_The data:_

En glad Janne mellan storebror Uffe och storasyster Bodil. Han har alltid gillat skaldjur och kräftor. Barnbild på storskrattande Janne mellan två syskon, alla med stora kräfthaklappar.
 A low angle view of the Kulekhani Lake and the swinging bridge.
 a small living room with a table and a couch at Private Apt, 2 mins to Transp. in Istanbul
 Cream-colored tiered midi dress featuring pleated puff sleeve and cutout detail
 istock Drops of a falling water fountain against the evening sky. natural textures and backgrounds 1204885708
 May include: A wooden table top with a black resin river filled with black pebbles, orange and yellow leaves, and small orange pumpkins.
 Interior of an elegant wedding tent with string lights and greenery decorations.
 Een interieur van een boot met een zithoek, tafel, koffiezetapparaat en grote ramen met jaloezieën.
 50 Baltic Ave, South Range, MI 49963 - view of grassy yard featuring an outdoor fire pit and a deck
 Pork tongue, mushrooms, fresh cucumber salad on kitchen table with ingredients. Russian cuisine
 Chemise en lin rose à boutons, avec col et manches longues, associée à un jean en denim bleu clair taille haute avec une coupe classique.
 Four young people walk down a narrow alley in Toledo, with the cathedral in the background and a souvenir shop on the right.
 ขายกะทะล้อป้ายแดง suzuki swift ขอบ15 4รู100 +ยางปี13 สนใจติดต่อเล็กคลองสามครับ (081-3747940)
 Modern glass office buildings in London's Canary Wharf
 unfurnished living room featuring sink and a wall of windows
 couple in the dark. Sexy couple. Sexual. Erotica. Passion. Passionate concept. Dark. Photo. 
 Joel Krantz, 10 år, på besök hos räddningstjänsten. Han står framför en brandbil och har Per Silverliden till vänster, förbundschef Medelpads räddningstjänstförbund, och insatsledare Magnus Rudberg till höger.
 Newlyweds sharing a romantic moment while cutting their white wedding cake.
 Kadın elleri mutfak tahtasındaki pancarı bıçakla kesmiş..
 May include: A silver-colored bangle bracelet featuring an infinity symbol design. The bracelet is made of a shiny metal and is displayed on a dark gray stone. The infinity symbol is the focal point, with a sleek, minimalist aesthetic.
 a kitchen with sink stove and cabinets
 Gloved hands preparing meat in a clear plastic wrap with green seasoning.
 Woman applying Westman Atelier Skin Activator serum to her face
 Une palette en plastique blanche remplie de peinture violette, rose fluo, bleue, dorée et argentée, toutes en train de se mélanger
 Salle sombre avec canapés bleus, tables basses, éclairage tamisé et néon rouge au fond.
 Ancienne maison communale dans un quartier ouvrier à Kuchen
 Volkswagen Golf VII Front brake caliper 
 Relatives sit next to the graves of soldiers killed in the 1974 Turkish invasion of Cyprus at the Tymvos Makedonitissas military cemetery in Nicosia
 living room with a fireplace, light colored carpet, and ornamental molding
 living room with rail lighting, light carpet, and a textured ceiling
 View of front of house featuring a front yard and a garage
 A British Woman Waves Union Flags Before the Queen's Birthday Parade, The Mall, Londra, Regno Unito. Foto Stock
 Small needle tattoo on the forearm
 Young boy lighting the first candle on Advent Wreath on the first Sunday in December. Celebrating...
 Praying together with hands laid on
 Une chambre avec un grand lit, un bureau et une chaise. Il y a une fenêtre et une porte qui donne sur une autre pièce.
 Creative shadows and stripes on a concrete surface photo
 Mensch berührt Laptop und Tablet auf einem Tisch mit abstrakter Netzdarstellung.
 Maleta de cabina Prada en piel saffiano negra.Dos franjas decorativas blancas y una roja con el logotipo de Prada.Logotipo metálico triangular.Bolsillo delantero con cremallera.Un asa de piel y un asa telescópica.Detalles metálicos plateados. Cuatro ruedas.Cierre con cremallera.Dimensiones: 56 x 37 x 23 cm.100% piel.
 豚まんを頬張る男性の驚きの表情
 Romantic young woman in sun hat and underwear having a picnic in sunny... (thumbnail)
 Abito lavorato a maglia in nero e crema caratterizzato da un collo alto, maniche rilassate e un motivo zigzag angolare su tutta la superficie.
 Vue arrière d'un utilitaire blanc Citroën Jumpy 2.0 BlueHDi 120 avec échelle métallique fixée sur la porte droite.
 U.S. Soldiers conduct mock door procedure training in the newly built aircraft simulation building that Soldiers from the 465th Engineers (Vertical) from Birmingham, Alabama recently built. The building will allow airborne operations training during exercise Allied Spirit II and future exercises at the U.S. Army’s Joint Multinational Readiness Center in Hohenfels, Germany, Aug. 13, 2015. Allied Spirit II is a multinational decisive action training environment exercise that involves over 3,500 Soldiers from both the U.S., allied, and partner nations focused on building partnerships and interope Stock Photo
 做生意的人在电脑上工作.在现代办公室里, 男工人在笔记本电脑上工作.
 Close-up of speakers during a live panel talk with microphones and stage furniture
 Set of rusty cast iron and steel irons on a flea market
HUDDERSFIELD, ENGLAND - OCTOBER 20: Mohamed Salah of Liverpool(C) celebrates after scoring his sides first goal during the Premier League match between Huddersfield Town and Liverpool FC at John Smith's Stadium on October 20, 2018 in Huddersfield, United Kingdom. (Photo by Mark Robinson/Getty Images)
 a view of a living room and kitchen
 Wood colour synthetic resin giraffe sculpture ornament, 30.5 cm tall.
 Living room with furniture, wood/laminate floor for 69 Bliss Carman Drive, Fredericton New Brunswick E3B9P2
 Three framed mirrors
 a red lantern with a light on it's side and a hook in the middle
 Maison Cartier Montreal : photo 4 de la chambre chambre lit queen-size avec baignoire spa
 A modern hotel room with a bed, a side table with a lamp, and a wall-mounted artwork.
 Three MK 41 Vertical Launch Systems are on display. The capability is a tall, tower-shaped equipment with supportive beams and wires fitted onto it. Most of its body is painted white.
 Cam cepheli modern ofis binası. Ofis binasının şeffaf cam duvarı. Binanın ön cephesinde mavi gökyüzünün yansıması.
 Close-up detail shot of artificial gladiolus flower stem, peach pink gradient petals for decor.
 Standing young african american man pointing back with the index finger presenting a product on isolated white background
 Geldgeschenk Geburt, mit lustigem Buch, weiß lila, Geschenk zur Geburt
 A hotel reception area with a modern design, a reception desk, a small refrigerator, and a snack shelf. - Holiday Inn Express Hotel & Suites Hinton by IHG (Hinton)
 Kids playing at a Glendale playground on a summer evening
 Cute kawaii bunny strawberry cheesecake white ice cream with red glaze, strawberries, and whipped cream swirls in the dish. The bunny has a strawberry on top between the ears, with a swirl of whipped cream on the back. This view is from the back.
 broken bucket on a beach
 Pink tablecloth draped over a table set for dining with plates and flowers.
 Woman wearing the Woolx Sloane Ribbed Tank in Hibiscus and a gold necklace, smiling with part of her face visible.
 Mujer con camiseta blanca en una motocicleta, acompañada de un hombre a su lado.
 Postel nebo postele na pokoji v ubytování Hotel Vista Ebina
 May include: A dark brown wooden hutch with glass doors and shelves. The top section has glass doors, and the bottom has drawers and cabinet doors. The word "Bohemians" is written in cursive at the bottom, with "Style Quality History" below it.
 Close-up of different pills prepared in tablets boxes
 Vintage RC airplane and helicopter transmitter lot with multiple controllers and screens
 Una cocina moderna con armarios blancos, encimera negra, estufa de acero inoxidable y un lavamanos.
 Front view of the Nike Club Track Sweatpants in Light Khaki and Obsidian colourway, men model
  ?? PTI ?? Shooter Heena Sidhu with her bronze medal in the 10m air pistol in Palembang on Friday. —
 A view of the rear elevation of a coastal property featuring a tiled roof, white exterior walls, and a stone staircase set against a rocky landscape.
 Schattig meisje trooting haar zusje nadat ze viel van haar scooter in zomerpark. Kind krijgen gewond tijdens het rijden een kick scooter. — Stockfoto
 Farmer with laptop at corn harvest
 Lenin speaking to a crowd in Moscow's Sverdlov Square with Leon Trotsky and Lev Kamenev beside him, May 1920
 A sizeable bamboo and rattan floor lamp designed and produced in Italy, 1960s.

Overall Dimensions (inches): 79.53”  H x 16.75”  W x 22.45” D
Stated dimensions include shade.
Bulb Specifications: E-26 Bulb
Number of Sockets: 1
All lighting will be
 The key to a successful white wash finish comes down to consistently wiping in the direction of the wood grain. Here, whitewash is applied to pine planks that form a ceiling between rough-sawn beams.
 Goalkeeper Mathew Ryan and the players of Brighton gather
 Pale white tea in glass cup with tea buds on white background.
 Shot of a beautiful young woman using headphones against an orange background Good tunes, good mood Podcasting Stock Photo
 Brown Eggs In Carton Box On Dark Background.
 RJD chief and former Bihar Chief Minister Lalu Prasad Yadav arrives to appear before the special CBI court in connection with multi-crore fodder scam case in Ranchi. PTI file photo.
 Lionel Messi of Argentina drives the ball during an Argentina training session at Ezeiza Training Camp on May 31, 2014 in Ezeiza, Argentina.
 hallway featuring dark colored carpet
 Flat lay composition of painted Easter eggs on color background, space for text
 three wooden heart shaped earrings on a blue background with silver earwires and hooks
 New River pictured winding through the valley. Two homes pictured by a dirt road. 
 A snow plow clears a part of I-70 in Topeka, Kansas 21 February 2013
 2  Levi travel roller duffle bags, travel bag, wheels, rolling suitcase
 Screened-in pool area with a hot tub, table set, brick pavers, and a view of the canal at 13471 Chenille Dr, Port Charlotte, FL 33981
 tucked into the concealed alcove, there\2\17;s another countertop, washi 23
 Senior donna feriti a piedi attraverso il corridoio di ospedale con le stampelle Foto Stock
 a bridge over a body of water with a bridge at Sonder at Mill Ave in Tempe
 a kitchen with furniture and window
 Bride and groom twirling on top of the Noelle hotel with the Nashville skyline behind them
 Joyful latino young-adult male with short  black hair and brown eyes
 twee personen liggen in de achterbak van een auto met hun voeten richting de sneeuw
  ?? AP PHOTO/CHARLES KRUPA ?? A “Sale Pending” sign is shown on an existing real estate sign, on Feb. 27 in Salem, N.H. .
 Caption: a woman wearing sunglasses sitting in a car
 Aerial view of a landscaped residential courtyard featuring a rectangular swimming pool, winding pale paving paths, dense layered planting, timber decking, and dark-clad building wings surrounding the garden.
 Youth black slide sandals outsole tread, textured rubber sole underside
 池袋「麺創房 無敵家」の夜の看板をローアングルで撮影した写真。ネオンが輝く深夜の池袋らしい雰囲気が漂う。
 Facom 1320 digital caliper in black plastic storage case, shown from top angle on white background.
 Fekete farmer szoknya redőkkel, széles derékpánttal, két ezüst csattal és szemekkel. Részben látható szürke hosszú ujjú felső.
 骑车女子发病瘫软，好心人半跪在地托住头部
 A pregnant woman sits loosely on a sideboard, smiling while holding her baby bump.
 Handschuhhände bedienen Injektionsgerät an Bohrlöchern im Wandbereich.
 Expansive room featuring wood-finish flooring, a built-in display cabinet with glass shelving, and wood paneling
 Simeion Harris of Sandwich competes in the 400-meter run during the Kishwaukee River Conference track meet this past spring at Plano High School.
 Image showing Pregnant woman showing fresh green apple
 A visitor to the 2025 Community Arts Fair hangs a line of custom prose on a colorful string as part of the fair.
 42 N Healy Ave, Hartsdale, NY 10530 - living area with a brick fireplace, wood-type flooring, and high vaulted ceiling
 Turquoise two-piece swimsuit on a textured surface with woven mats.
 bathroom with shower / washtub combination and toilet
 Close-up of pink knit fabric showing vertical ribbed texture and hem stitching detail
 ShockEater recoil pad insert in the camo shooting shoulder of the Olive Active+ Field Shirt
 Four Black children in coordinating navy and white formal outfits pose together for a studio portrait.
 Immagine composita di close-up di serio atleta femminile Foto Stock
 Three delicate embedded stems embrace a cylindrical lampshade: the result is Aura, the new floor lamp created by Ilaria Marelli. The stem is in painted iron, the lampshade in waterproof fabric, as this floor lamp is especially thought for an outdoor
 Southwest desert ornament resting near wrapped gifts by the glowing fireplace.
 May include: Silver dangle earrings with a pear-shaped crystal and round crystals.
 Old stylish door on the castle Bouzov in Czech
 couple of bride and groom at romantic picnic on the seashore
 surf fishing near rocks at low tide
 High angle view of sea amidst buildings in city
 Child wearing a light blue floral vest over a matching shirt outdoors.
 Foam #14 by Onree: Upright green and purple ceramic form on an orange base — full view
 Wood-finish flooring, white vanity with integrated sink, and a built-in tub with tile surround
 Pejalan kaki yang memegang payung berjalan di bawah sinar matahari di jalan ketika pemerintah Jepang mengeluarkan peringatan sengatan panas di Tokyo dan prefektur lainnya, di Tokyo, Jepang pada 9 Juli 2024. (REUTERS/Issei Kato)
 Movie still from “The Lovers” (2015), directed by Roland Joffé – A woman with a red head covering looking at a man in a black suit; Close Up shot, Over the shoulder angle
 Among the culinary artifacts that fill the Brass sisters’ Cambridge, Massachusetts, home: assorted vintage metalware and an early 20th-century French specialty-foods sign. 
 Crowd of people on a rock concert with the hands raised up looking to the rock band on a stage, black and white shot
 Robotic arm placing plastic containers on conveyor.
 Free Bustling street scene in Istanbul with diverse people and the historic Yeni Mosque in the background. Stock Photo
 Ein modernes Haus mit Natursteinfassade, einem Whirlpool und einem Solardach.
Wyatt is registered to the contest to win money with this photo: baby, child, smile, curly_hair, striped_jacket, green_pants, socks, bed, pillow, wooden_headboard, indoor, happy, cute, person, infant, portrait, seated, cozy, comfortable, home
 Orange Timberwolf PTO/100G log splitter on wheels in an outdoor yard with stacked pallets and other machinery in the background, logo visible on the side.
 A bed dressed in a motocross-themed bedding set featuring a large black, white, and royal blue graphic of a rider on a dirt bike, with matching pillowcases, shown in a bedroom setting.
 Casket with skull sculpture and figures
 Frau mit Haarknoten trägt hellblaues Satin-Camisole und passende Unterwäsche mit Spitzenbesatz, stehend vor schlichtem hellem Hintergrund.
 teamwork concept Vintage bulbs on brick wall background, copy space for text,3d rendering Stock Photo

_Assignment:_ From the records above, quote only the lines running from the line with "A snow plow" to the line with "Screened-in pool area", both lines included.

_Task output:_
 A snow plow clears a part of I-70 in Topeka, Kansas 21 February 2013
 2  Levi travel roller duffle bags, travel bag, wheels, rolling suitcase
 Screened-in pool area with a hot tub, table set, brick pavers, and a view of the canal at 13471 Chenille Dr, Port Charlotte, FL 33981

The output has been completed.